» **Material provided**

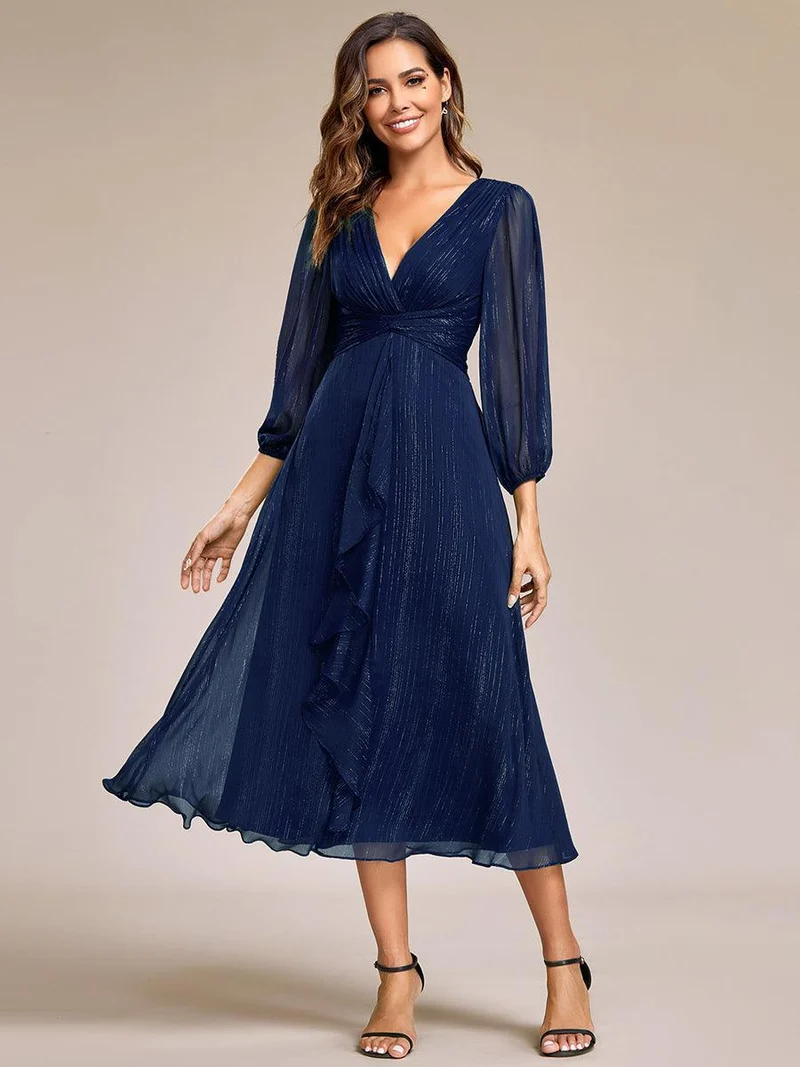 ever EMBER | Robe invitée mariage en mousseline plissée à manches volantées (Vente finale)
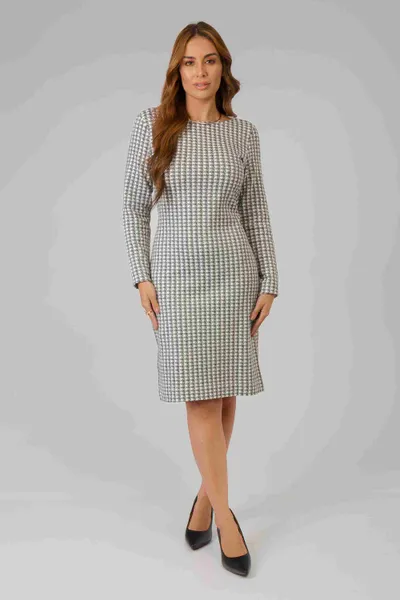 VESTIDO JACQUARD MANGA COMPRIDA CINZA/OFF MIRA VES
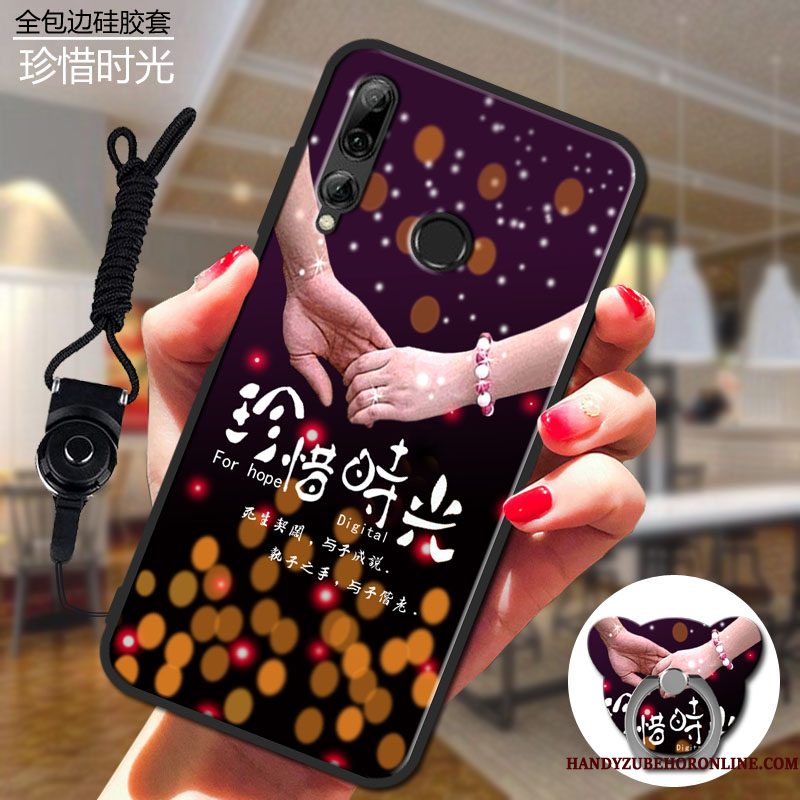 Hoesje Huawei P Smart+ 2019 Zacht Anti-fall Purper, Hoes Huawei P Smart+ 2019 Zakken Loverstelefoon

» **Work task**
Print the material above verbatim, no images.

» **Exercise response**
 ever EMBER | Robe invitée mariage en mousseline plissée à manches volantées (Vente finale)
 VESTIDO JACQUARD MANGA COMPRIDA CINZA/OFF MIRA VES
 Hoesje Huawei P Smart+ 2019 Zacht Anti-fall Purper, Hoes Huawei P Smart+ 2019 Zakken Loverstelefoon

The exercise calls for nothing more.